- EXERCISE OBJECTIVE -
Leaving the pictures aside, restate all of the data exactly.

- SUPPLIED INFORMATION -
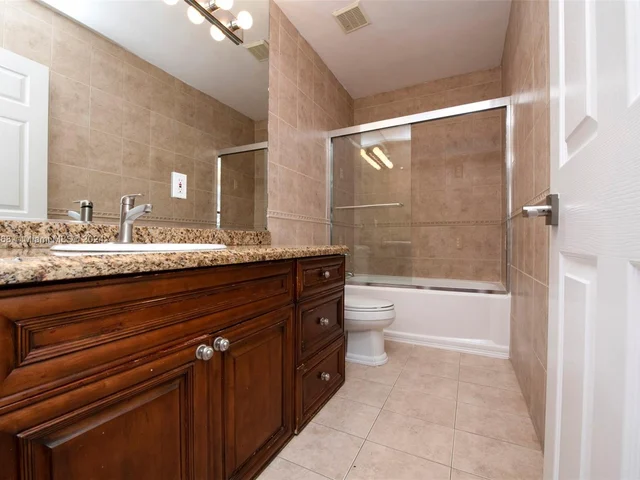 16220 SW 21st St, Miramar FL 33027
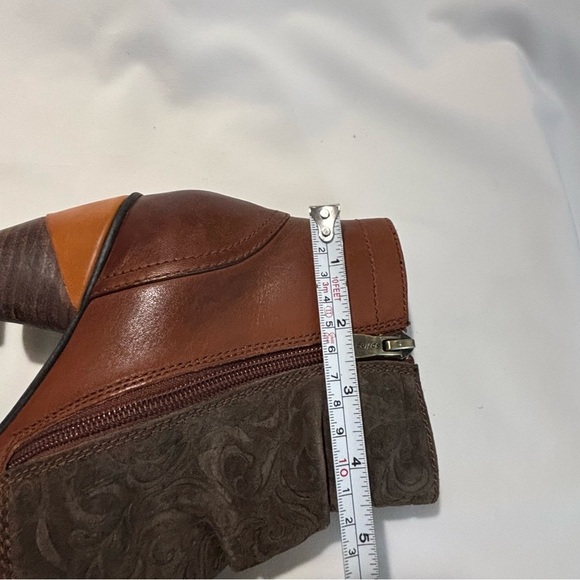 L’ARTISTE Sz 40 Heel Booties Steampunk Vibes Leather Suede Ruched Shaft Buttons - Picture 8 of 14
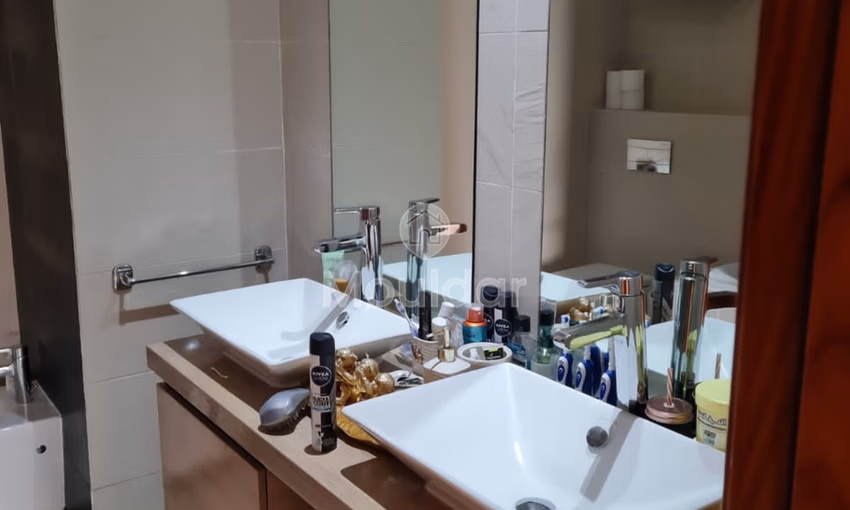 شقة للإيجار مع تراس في الطابق الأرضي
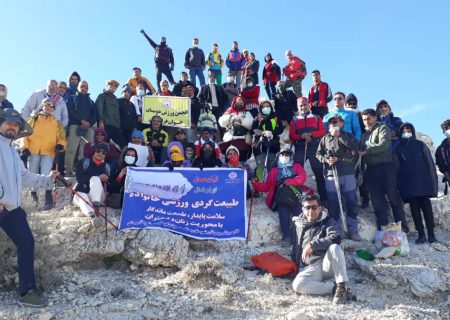 صعود به قله پردیس جم  توسط کوهنوردان هرمزگانی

- ANSWER TO THE PROBLEM -
 16220 SW 21st St, Miramar FL 33027
 L’ARTISTE Sz 40 Heel Booties Steampunk Vibes Leather Suede Ruched Shaft Buttons - Picture 8 of 14
 شقة للإيجار مع تراس في الطابق الأرضي
 صعود به قله پردیس جم  توسط کوهنوردان هرمزگانی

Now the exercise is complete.